Plus près de nous, l’article 32 de la loi 2016-732 du 28 juillet 2016 dont le texte a expressément étendu le cadre de la soumission hiérarchique à l’ensemble des magistrats membres de l’inspection de la justice n’a pas non plus fait l’objet de réserves relatives à sa conformité à la Constitution11.
Comment dans ces conditions imaginer que l’article 5 qui pose le même principe au sein des juridictions de l’ordre judiciaire, et qui figure au sein du même texte de loi puisse être sérieusement remis en cause par le Conseil constitutionnel ?
Un changement radical d’interprétation apparaît juridiquement impossible
Un brutal changement de jurisprudence du Conseil constitutionnel apparaît hautement improbable.
Tout d’abord, le Conseil constitutionnel, a reconnu l’intelligibilité des normes juridiques comme un principe constitutionnel12.
Revenir complètement sur sa propre jurisprudence sans avoir annoncé auparavant qu’il conviendrait de préparer le terrain juridique ne serait pas cohérent par rapport à sa propre interprétation de la Constitution.
Ensuite, même s’il assortissait l’obligation faite au gouvernement de procéder à une révision constitutionnelle de délais suffisants, les conséquences en termes de légitimité du ministère public dans la conduite des actes de poursuite et de direction d’enquête au quotidien seraient considérables.
Elle ouvrirait une véritable brèche dans la continuité de l’Etat at donnant naissance à une discussion non plus juridique, mais bien politique.
Le Conseil d’Etat a saisi le Conseil constitutionnel d’une difficulté tenant à l’interprétation de l’article 16 de la Déclaration des droits de l’homme et à la séparation des pouvoirs.
Toute la question sera de savoir en quoi le texte de l’article 5 serait de nature à porter atteinte à la séparation des pouvoirs, telle est qu’elle pratiquée au sein de la République française, et en quoi le texte de l’article 5 pourrait être contraire à l’article 16 de la Déclaration.
DE QUOI « L’INDEPENDANCE » EST-ELLE LE NOM EN MATIERE JUDICIAIRE ?
De quoi parle l’article 5 du statutde la magistrature ?
L’article 5 contient deux expressions distinctes du principe de soumission hiérarchique, et une référence spécifique à la liberté de parole des membres du ministère public à l’audience.
Cette dernière disposition, qui est une manifestation du pouvoir propre du représentant de l’accusation présent à l’audience de présenter les réquisitions qu’il convient, ne peut logiquement être qualifiée d’atteinte au principe de séparation des pouvoirs. En effet, elle constitue précisément une manifestation « positive » de ce principe de séparation des pouvoirs, tant du corps judiciaire à l’égard du pouvoir exécutif qu’au sein du pouvoir juridictionnel lui-même.

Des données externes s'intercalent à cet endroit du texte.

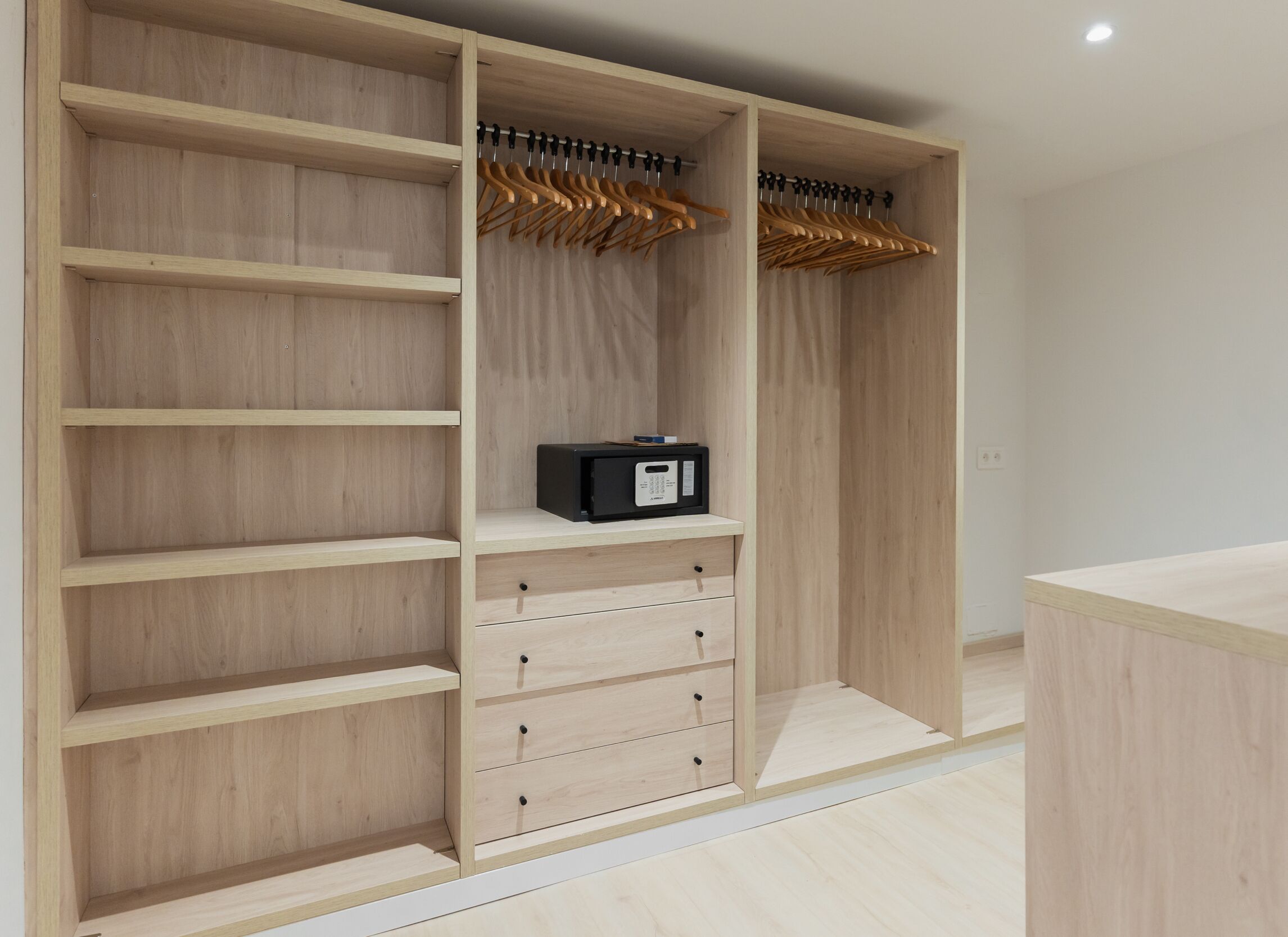 Een houten garderobe met meerdere planken en lades, een kledingstang, en een klein zwart elektronisch apparaat op een van de planken.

Ce texte affirme que le magistrat du ministère public ne peut voir sa responsabilité professionnelle mise en cause, ni a fortiori être déplacé en raison du contenu des réquisitions qu’il a prises à l’audience, dès lors que celles-ci sont prises conformément à la procédure et ne sont pas injurieuses ou diffamatoires13.
La difficulté ne peut donc porter que sur l’expression du principe de soumission hiérarchique.